Either of the two points (vernal, autumnal) on the celestial sphere where the ecliptic (which is the apparent path of the sun on the sky) intersects the celestial equator. Due to precession, this point moves over time, so positions of stars in catalogues and on atlases are usually referred to a "mean equator and equinox" of a specified standard epoch. For the purposes of the positions of objects dealt with in these ICQ/CBAT/MPC Web pages, the positions are almost always given for "equinox J2000.0", meaning that the reference system is that at the beginning of the year 2000; prior to 1992, most astronomers were using "equinox B1950.0". Many older star atlases and catalogues still in use refer to equinox 1950.0, so observers must be careful when plotting positions (and when reporting positions) to note the proper equinox. (The "B" and "J" preceding the equinox years indicate "Besselian" and "Julian", respectively. See separate definitions for Besselian year and Julian year.) The differences in an object's position when given in equinoxes 1950.0 and 2000.0 amounts to several arc minutes.

Extinction, atmospheric.
The diminishing of light from astronomical objects due to the earth's atmosphere, in which molecules (air, dust, etc.) of the atmosphere absorb, reflect, and refract light before it reaches the ground. Extinction becomes a severe problem for astronomers when objects are viewed close to (especially within 20 degrees of) the local horizon. There are various methods that have been developed for astronomers to try and compensate for this extinction, but it is always best to make measurements of astronomical objects when they are as high in the sky as possible (to minimize errors).

Referring to the sun. A heliocentric orbit is one based on the sun as one of the two foci of the (elliptical) orbit (or as the center of a circular orbit); a heliocentric magnitude is the brightness of an object as would be seen from a heliocentric distance of 1 AU (which means a distance of 1 AU from the sun).

Julian date (JD).
The interval of time in days (and fraction of a day) since Greenwich noon on Jan. 1, 4713 BC. The JD is always half a day off from Universal Time, because the current definition of JD was introduced when the astronomical day was defined to start at noon (prior to 1925) instead of midnight. Thus, 1995 Oct. 10.0 UT = JD 2450000.5.

Julian year.
Exactly 365.25 days, in which a century (100 years) is exactly 36525 days and in which 1900.0 corresponds exactly to 1900 January 0.5 (from the Julian-date system, which is half a day different from civil time or UT). The standard epoch J2000.0, now used for new star-position catalogues and in solar-system-orbital calculations, means 2000 Jan. 1.5 Barycentric Dynamical Time (TDB) = Julian Date 2451545.0 TDB. When this dynamical, artificial "Julian year" is employed, a letter "J" prefixes the year.

kilometer = 0.6 mile.

Light pollution.
The emission of stray light or glare from lighting fixtures in manners that counter the purpose of the light (which is to light what is below); also known as the waste of money and energy in the form of electric light, usually meant in the form of outdoor night lighting. Such light trespass causes severe safety problems for motorists, pedestrians, and cyclists at night from lighting that shines onto streets and highways and sidewalks from poorly-designed or poorly-mounted lighting. Such glare also imposes on privacy, by shining brightly into bedroom windows at night and into backyards where adults and children are trying to observe the night sky. While most people have accepted such bad, glare lighting without question and assumed that nothing could be done about it, dedicated groups of volunteers around the world are now showing that effective laws and guidelines can be instated at the local and regional levels of government (and in planning and engineering offices), which mean that proper outdoor night lighting can be a norm so that everybody benefits --- auto drivers, sleeping residents, government budgets, and skygazers alike. Laws mandating full-cutoff light fixtures are already in place in states such as Maine and Connecticut and are pending elsewhere. For more information on the Web, see URL .

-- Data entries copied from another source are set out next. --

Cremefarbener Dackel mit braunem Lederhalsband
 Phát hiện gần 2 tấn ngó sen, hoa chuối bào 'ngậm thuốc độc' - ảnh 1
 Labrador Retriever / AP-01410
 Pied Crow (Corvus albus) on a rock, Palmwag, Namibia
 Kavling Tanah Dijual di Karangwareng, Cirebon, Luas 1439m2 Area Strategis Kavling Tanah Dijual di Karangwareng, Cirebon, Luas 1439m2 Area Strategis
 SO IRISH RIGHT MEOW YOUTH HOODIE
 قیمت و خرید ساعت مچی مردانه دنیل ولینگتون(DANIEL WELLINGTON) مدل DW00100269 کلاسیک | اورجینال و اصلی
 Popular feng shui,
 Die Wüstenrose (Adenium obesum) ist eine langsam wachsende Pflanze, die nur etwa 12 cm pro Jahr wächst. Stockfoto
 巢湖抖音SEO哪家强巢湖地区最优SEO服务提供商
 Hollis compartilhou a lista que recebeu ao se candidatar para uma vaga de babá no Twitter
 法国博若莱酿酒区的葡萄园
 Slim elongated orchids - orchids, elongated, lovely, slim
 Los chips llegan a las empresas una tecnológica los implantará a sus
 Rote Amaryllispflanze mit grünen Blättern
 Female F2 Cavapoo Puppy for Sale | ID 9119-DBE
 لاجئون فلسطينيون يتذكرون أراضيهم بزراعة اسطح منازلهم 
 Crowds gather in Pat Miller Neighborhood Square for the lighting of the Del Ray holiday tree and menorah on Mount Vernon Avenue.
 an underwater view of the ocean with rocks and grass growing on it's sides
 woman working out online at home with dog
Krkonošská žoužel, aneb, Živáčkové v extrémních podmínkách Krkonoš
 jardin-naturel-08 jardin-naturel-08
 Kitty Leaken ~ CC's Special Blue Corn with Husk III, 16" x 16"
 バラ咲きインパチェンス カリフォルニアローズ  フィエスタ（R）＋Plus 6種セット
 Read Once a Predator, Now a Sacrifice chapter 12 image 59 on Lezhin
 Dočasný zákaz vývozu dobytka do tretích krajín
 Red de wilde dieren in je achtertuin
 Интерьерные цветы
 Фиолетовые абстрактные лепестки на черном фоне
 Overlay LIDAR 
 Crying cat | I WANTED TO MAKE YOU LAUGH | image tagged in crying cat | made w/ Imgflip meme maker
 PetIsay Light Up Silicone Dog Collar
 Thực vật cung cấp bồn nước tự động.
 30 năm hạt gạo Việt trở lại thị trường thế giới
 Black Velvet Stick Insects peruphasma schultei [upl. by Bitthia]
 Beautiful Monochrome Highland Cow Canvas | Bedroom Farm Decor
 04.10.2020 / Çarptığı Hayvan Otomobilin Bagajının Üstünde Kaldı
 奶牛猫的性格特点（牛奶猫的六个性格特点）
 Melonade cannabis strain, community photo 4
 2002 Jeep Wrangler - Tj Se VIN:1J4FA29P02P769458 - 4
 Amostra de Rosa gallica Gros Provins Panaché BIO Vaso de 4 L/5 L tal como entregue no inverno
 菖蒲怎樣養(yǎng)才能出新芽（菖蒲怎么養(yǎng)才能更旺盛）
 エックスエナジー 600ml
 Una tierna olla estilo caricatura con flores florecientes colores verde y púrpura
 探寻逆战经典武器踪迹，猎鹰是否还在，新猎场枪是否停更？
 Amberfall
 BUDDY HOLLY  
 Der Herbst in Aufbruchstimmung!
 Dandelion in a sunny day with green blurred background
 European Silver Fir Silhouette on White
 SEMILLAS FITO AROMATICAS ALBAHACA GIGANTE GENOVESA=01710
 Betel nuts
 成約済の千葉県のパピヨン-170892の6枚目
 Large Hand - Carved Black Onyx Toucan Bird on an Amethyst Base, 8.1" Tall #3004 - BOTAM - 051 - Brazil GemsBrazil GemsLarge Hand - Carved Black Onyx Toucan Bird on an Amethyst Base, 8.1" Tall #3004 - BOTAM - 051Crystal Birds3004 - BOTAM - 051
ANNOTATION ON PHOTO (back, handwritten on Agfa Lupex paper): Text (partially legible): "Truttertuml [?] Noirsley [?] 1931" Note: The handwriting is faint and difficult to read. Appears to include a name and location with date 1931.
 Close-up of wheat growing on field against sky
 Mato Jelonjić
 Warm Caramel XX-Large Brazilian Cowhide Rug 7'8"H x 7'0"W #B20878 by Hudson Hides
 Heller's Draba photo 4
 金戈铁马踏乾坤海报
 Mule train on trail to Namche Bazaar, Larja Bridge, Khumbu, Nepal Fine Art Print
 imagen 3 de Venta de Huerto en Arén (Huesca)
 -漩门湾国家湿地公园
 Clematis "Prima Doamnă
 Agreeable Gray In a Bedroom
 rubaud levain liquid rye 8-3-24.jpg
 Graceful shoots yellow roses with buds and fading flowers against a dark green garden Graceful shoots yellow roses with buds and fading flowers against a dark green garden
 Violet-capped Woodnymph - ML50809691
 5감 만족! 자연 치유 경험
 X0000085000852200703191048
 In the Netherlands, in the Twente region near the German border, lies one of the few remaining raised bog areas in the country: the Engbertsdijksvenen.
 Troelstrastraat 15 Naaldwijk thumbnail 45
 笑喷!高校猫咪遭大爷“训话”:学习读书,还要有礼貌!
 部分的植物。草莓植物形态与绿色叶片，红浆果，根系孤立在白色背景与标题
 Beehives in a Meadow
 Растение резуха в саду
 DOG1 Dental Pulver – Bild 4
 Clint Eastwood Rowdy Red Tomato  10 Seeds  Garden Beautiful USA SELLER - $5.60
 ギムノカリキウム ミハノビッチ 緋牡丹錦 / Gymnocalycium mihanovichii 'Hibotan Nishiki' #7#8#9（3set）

Total, integrated magnitude of a comet's head (meaning coma + nuclear condensation). This can be estimated visually, as the comet's "total visual magnitude". The variable m(sub)1 is usually found in ephemerides predicting a comet's future motion, position on the sky, and brightness. See also definition for "Magnitude", below. [Note that m(sub)1 is also used by stellar spectrophotometrists to define a "metal index" on the Stroemgren ubvy photometric system.]

The magnitude value measured (or predicted) for a comet's nuclear condensation. Note that the true comet nucleus is rarely, if ever, directly observed from the earth because of the large amount of gas and dust that is ever-present in the inner coma close to the nucleus, serving to hide the true nucleus' surface. So-called "nuclear magnitudes" are therefore fraught with problems as to true meaning, especially because such nuclear magnitudes are extremely dependent upon instrumentation (aperture, focal-ratio, magnification) and wavelength. Nuclear magnitudes are chiefly used for astrometric purposes, in which predictions are made for the brightness of the comet's nuclear condensation so that astrometrists can gauge how faint the condensation is likely to be and thus how long an exposure is needed to get a good, measurable image. (Astrometrists are only concerned about measuring the nuclear condensation, which is considered to be the site of the main mass of any comet.) See also definition for "Magnitude", below.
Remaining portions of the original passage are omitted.